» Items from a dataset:

= Beginning of Section =

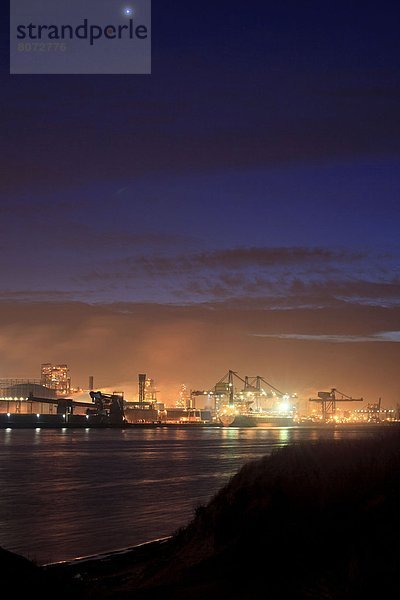 sehen  Wand  Meer  Pflanze  Pause  Dunkerque  Dünkirchen  Stahl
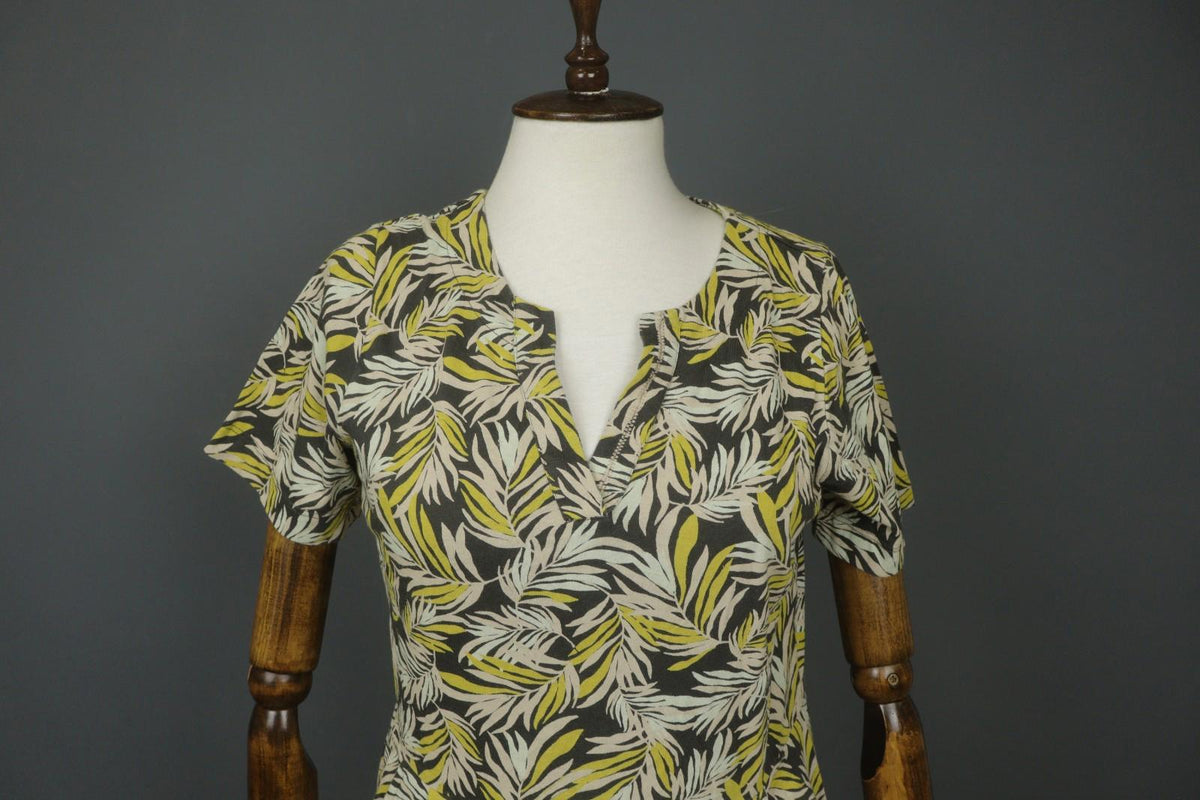 GUDRUN SJODEN Multicolor Leaf Print Split Neck Short Sleeve Shift Dress – Size M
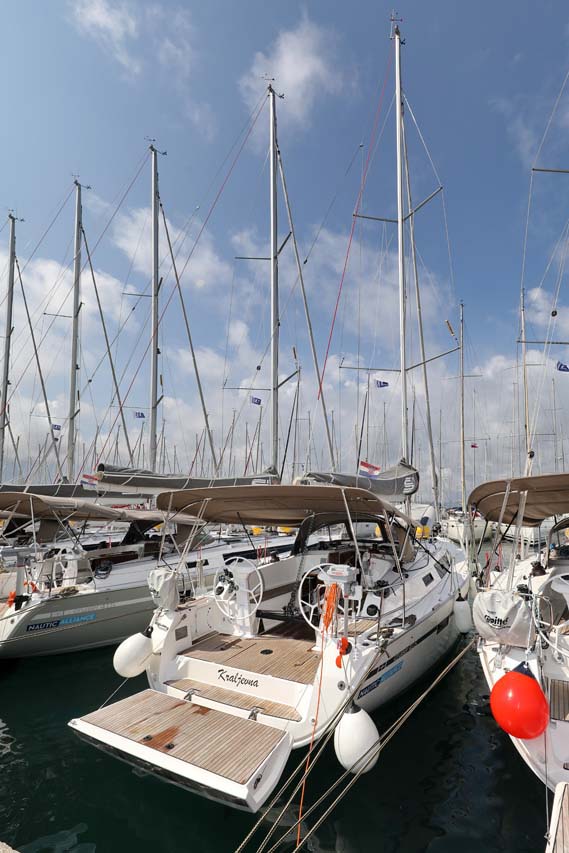 Photo #4 - Bavaria Cruiser 41S (Kraljevna (19)) in Murter - 31746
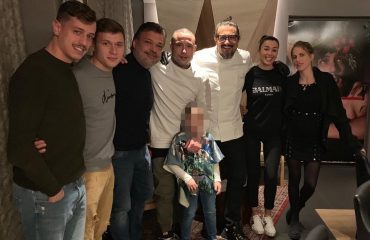 Nicolò Barella a cena a Milano con la moglie Nainggolan e il suo procuratore - Foto di IG Alessandro Beltrami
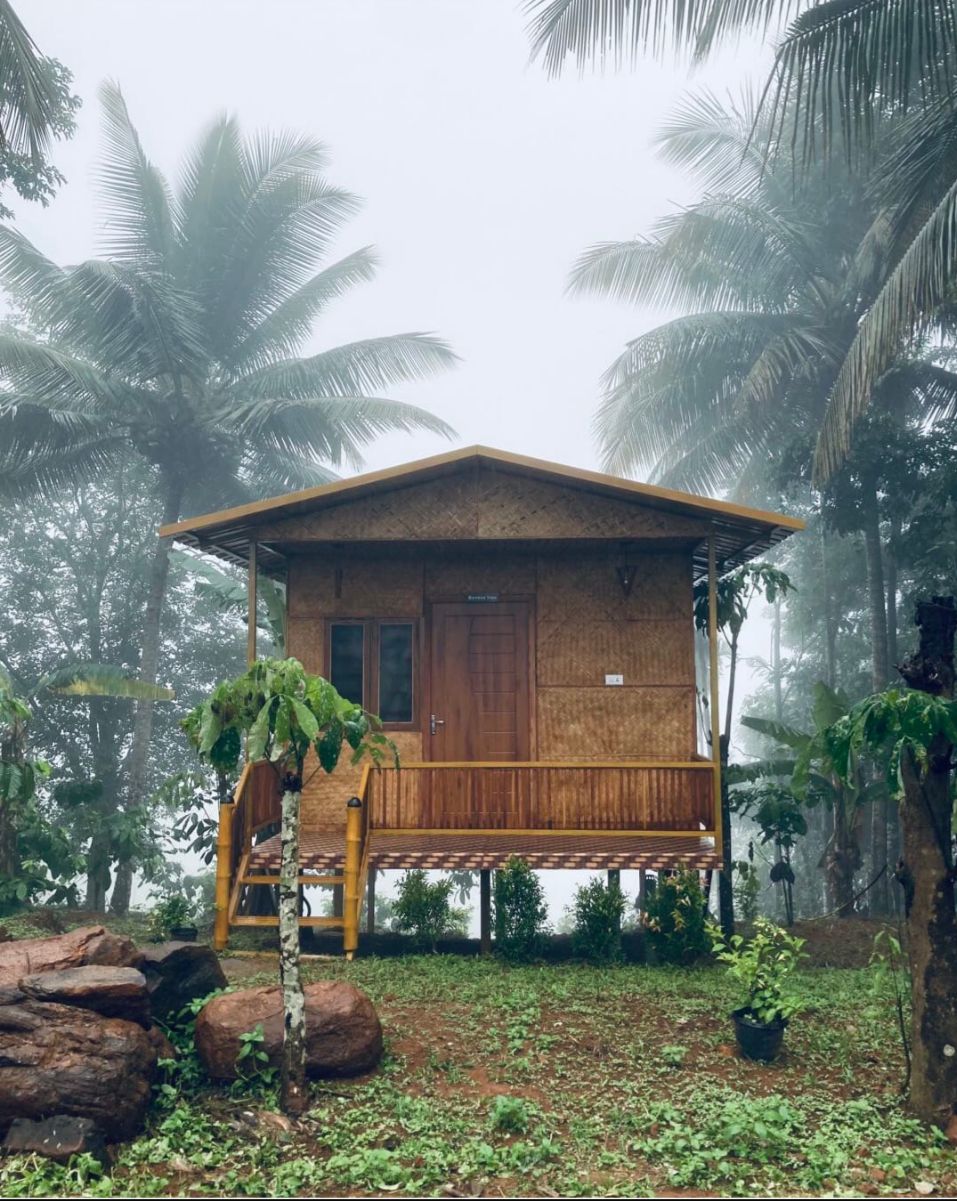 Kakkadampoyil Resorts with natural views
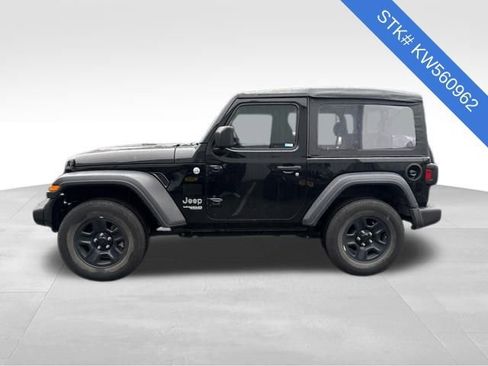 Used 2019 Jeep Wrangler Sport image 4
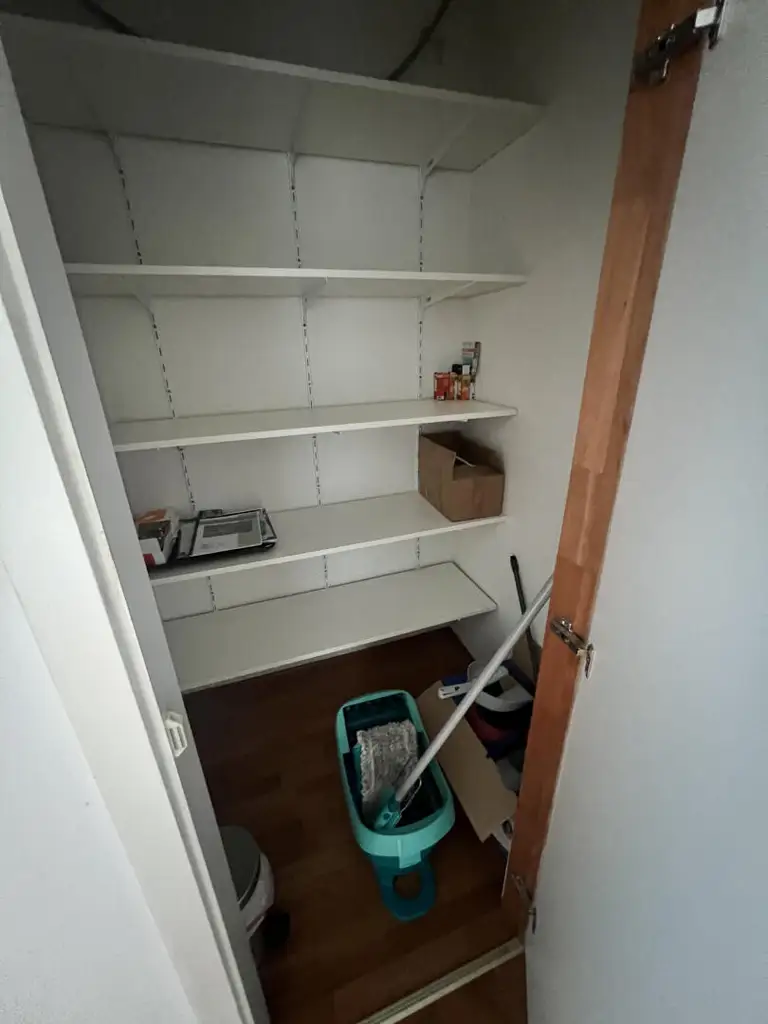 Sanierte 4-Zimmer-Wohnung mit 2 Balkonen und traumhaftem Blick über Graz inkl. Stellplatz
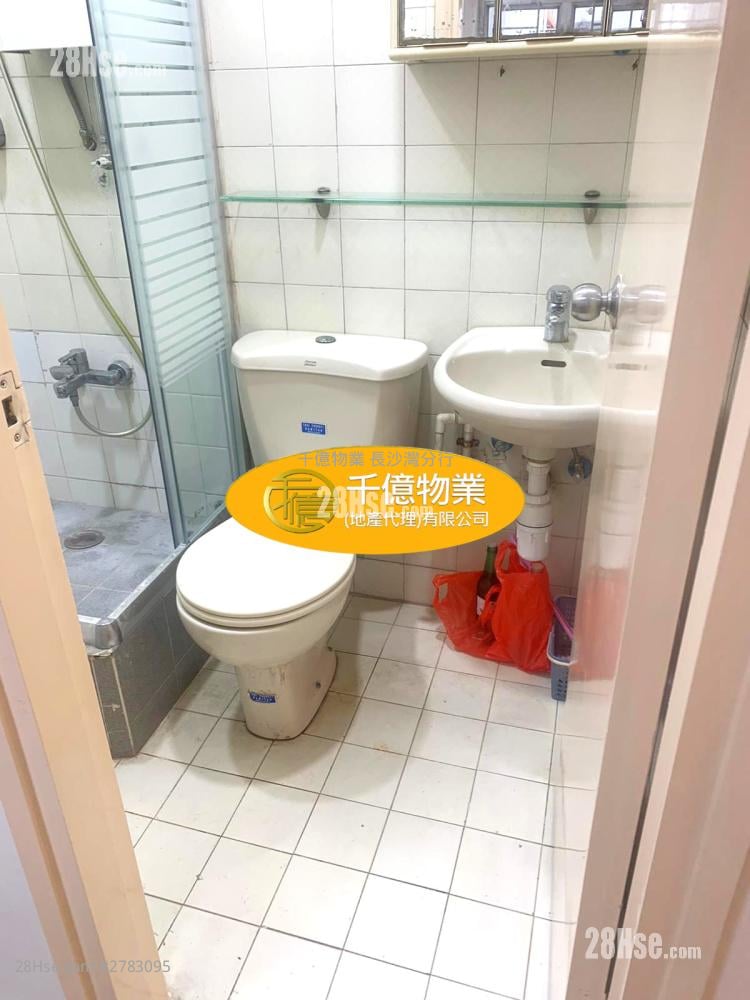 Manor Centre Sell 2 Bedrooms 278 ft²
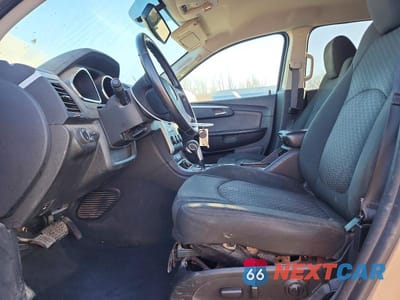 Zdjęcie 7 z 13 samochodu: 2012 CHEVROLET TRAVERSE LT VIN:1GNKRGED3CJ274396 - miniatura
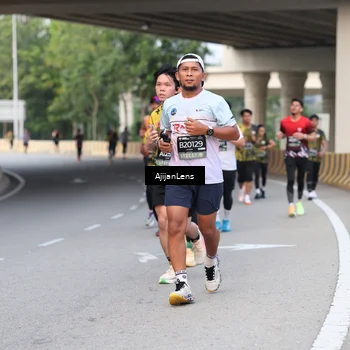 Runner Photo 6451347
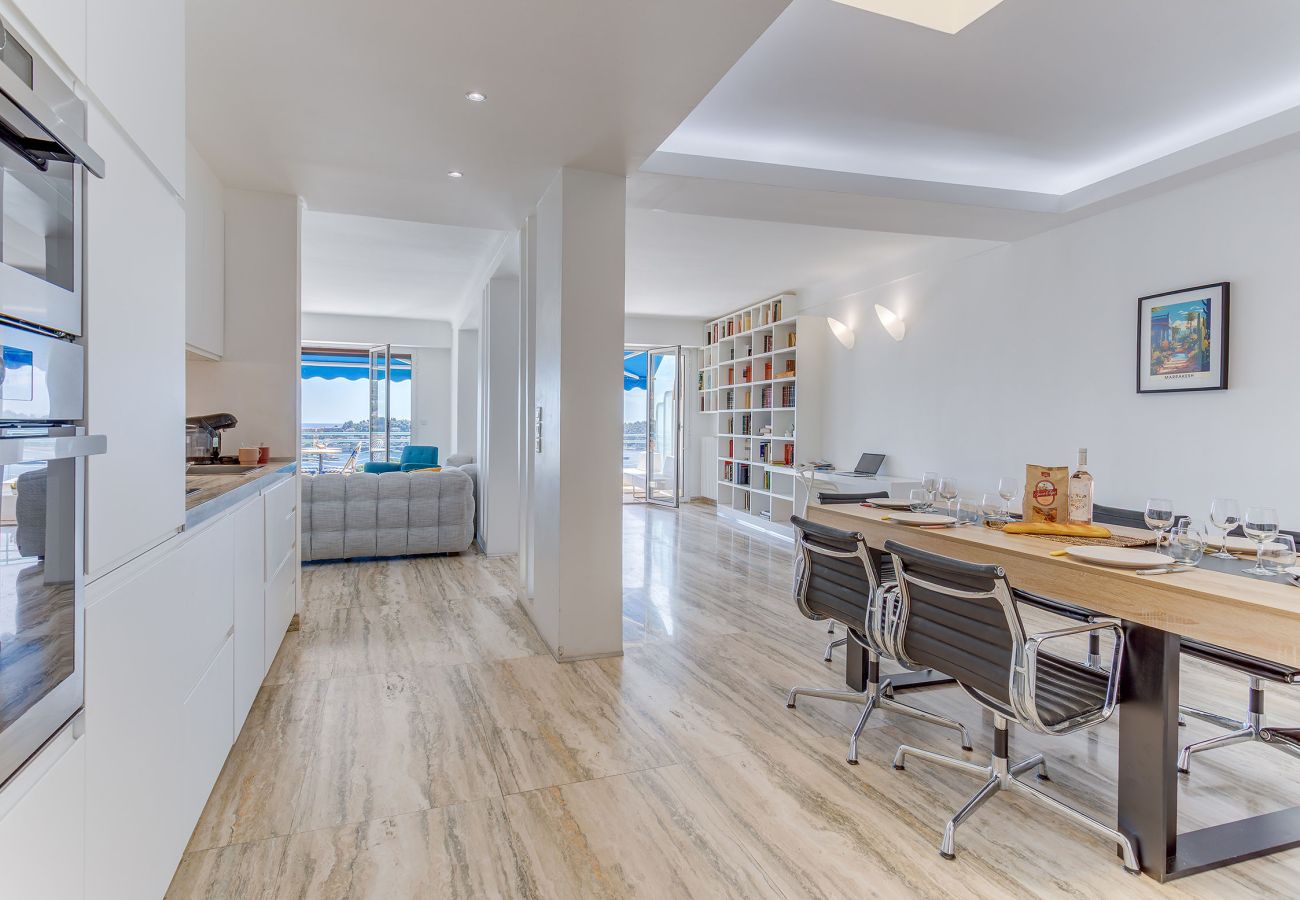 Appartement à Villefranche-sur-Mer - PANORAMIC ESTEREL AP4475 By Riviera Holiday Homes 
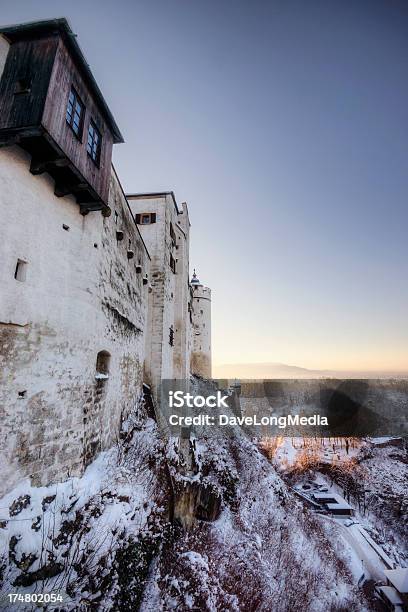 Fortezza Di Hohensalzburg In Inverno - Fotografie stock e altre immagini di Ambientazione esterna - Ambientazione esterna, Ambientazione tranquilla, Architettura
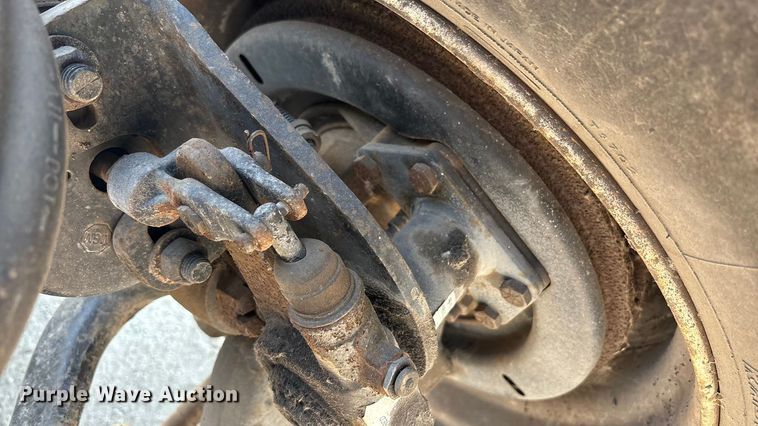 image for item EC4412 2001 International 4700 flatbed truck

= End of Section =

» What to work on:
Give again, word for word, the lines from the one containing "Runner Photo 6451347" through the last line of the entries, with pictures omitted and nothing added.

» Final answer:
 Runner Photo 6451347
 Appartement à Villefranche-sur-Mer - PANORAMIC ESTEREL AP4475 By Riviera Holiday Homes 
 Fortezza Di Hohensalzburg In Inverno - Fotografie stock e altre immagini di Ambientazione esterna - Ambientazione esterna, Ambientazione tranquilla, Architettura
 image for item EC4412 2001 International 4700 flatbed truck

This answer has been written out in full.